Les néologismes de Rimbaud, on en a déjà parlé à propos de l’Album Zutique. On les connaît, ils sont nombreux, ils sont partout, rien que dans Les assis : percaliser, barcarolles, hargnosité…ou dans d’autres poèmes, hannetonner, bleusir… Encore une fois, Les Editions de Londres ne sont pas là pour perturber lecteur au milieu de sa lecture, mais plutôt pour lui donner envie de lire ce que nous aimons. Et, lorsque nous tombons sur quelque chose digne d’attention, eh bien, nous le disons. Alors, parlons de Chirac juste un instant. En Septembre 2000, Le Monde publie le témoignage posthume de Jean-Claude Méry ; il y explique dans sa fameuse cassette le système de trucage des marchés publics parisiens servant au financement des partis politiques, et surtout au RPR, à l’époque « pré-Paris plages », qui tient la Mairie de Paris bien en main.

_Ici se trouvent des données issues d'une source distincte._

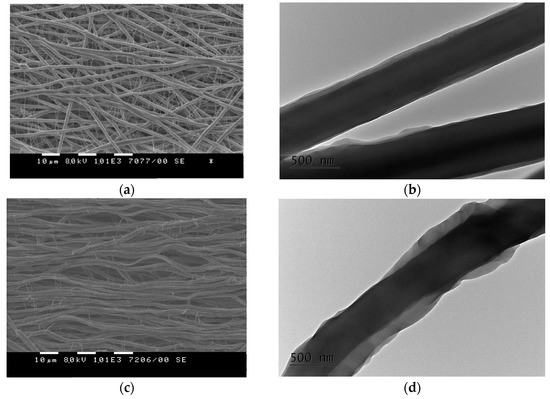 Materials | Free Full-Text | Electrospun Fibers of Biocompatible and  Biodegradable Polyesters, Poly(Ethylene Oxide) and Beeswax with  Anti-Bacterial and Anti-Fungal Activities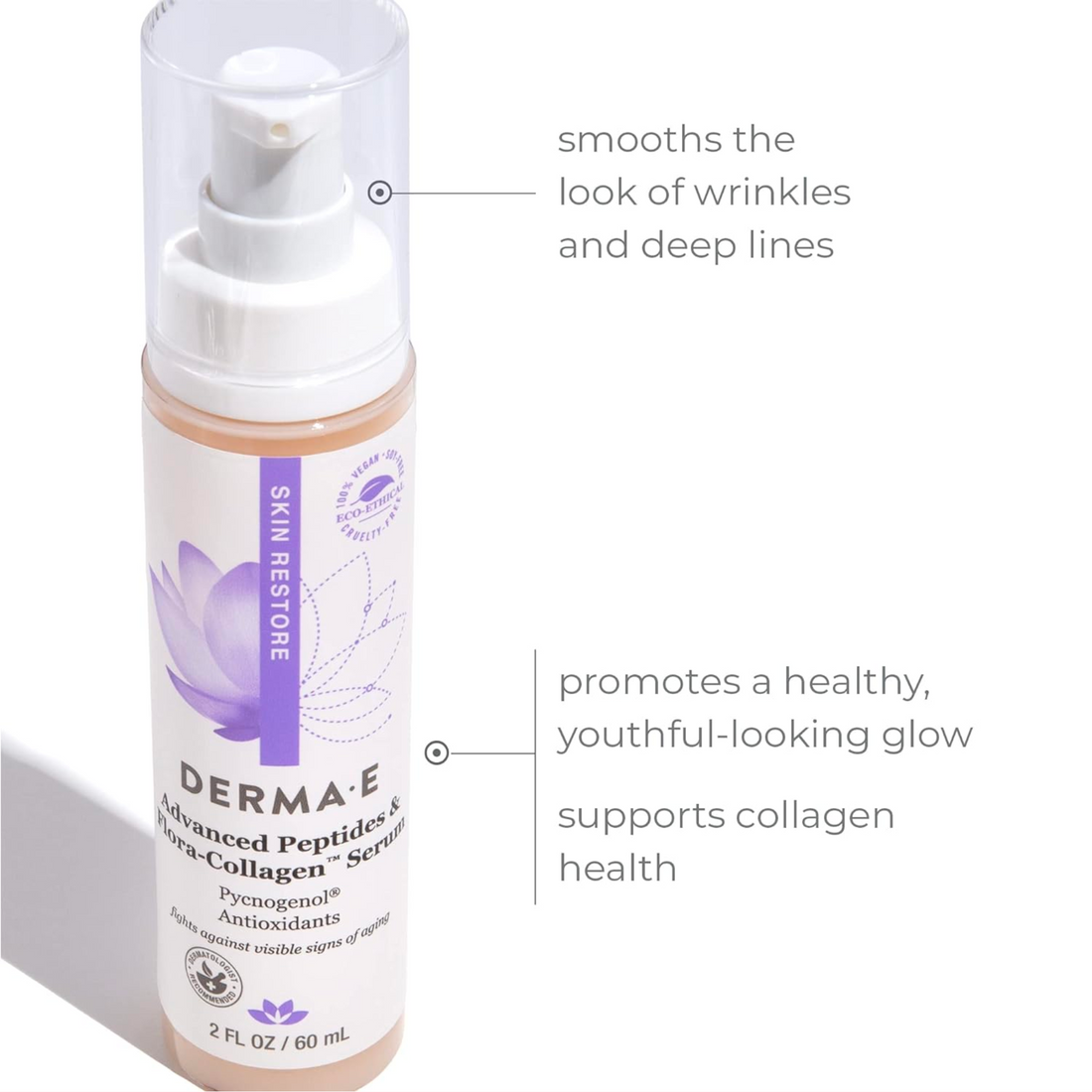 Advanced Peptides and Flora-Collagen™ Serum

Quelques jours plus tard, au cours d’un dîner organisé par Marianne (merci Marianne !), Maurice Szafran livre son opinion : cette cassette, la cassette Méry, c’est la fin de Chirac. Assis à sa table, l’un des fondateurs des Editions de Londres lui rétorque qu’il n’en croit rien. Bon, inutile de le dire, il ne fallut pas plus de trois ou quatre semaines pour que la cassette Méry rejoigne le cimetière des cassettes compromettantes. Pourtant, ce n’était que le commencement des déboires judiciaires de Chirac. Quelques jours après la passe Szafran-futures Editions de Londres, au cours d’un entretien télévisé, Chirac dénonce « une histoire abracadabrantesque ». Le mot fait mouche, il est à l’époque attribué à Chirac. Or, abracadabrantesque, ce n’est pas Chirac qui l’a inventé, même au plus fort de son indignation. Rimbaud invente le mot près de cent trente ans plus tôt, dans un poème, Le cœur du pitre. Comme quoi, Le Monde croit exhumer une cassette, un peu comme Scapin, et c’est Chirac qui exhume un mot vieux de cent trente ans…

Le bateau ivre

Bon, nous pourrions aussi parler de Voyelles, nous y attarder, mais nous n’avons pas le temps. Alors, nous parlerons du bateau ivre. Voici un poème sur lequel tout a été dit. Certains des nombreux aficionados des Editions de Londres (ils se comptent déjà par centaines de milliers, rassurez-vous, vous n’êtes pas tous seuls) le connaissent même par coeur. Alors, on n’est pas vraiment sûr de la date de composition du poème fleuve qui commence sur les fleuves et se termine sur l’Océan. Certains parlent de septembre 1871, d’autres du début 1872. Peu importe. Pour Les Editions de Londres, de même que les Illuminations scellent la fin de l’ère socratique dans la civilisation occidentale, Le bateau ivre marque avec Les chants de Maldoror la naissance du surréalisme. Et puis non, pas vraiment.

Dans Le bateau ivre, on ne retrouve rien de l’écriture automatique, de la juxtaposition spontanée de sèmes accidentels, ce qu’on retrouve, c’est un souffle, un flux, une progression, une pluralité de sens, qui renvoient aux stades de la vie humaine, au déclin de la civilisation, au besoin de se taire et de foutre le camp. Les textes sont seulement séparés de deux ans, mais se rejoignent par la force de leur révolte. Ils sont les fruits d’une révolte commune. Présenté comme un dérèglement de tous les sens, Le bateau ivre nous semble justement plus sensuel que Les chants de Maldoror dont la fiévreuse recherche d’images semble davantage relever du dérèglement de la tête que des sens.

Pour nous, Le bateau ivre, c’est aussi un premier pas vers le départ et le voyage. C’est une annonce prématurée d’un nouveau Rimbaud, qui revivra sous les traits d’un autre. Avant Une saison en enfer et Illuminations, Rimbaud dit déjà adieu à la France, à l’Europe. On sait depuis longtemps que cela le démange. Il regrette L’Europe aux anciens parapets, il est prêt à partir, à s’évader. L’espoir, il n’en a jamais vraiment eu, alors il part. Il devient un autre ? Je est un autre, explique t-il dans les Lettres du Voyant. Alors, au revoir, Rimbaud.